Shortly after signing my job contract with Pivotal, my awesome boss told me to reserve time in December 2017 for the Spring One, because it is the event where almost all the Spring developers meet once a year.
I was thrilled. A great new job and now as a bonus a trip to the US, meeting tons of awesome developers and maybe even a chance to meet old friends from back in 2000 when I stayed for 18 months in southern California. It doesn’t get much better than that.
But last week I wrote an E-mail finalizing my decision not to participate at the Spring One. I’m sad and frustrated but I don’t think there is an alternative for me. So what are the reasons?
There are things that I consider minor: The unconstitutional travel ban the Trump administration tried to establish. The open call to physical violence against political opponents. The forcing to unlock computers and phones.
While these things are proof enough for me that the US democracy is in serious danger I don’t feel threatened directly by them. I’m a white male atheist from a mostly christian country. My employer offered to provide hardware in the US, so I could travel without phone and computer.
But there was one thing that finally made the necessary decision obvious for me: While pondering if I should go to Spring One or not and also reading and tweeting about the actions of the Trump administration I found myself wondering: “Should I tweet that? Or might it cause problems when trying to enter the US?”
And that is something I can not accept. I’m living in Germany, a state which in the last 100 years made it twice impossible to openly state your opinion. While I didn’t live in the time nor in the places when that happened, I remember the stories told by my parents. Not fun. I consider it my patriotic duty to do what I can to not let that happen again. Skipping the Spring One is a small fee to pay for the privilege of free speech.
Does it make a big difference?

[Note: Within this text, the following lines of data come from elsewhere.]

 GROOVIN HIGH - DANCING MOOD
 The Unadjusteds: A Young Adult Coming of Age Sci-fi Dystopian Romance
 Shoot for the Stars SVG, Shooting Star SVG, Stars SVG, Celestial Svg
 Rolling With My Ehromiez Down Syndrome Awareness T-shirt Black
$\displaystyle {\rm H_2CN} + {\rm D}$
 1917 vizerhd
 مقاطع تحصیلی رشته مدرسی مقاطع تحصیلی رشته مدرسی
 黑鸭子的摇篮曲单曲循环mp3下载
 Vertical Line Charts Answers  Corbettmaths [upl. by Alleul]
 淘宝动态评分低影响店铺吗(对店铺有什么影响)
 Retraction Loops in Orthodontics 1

Certainly not. Probably less then 5 people will even notice that I’m not there. But it is one of the little things I can do, along with speaking up against those preaching hate and fear and of course voting. And if everybody does that things will change to the better. Many might take democracy and free speech for granted. But it isn’t. Generations before us fought hard to get it and if we don’t watch it we might loose it quickly.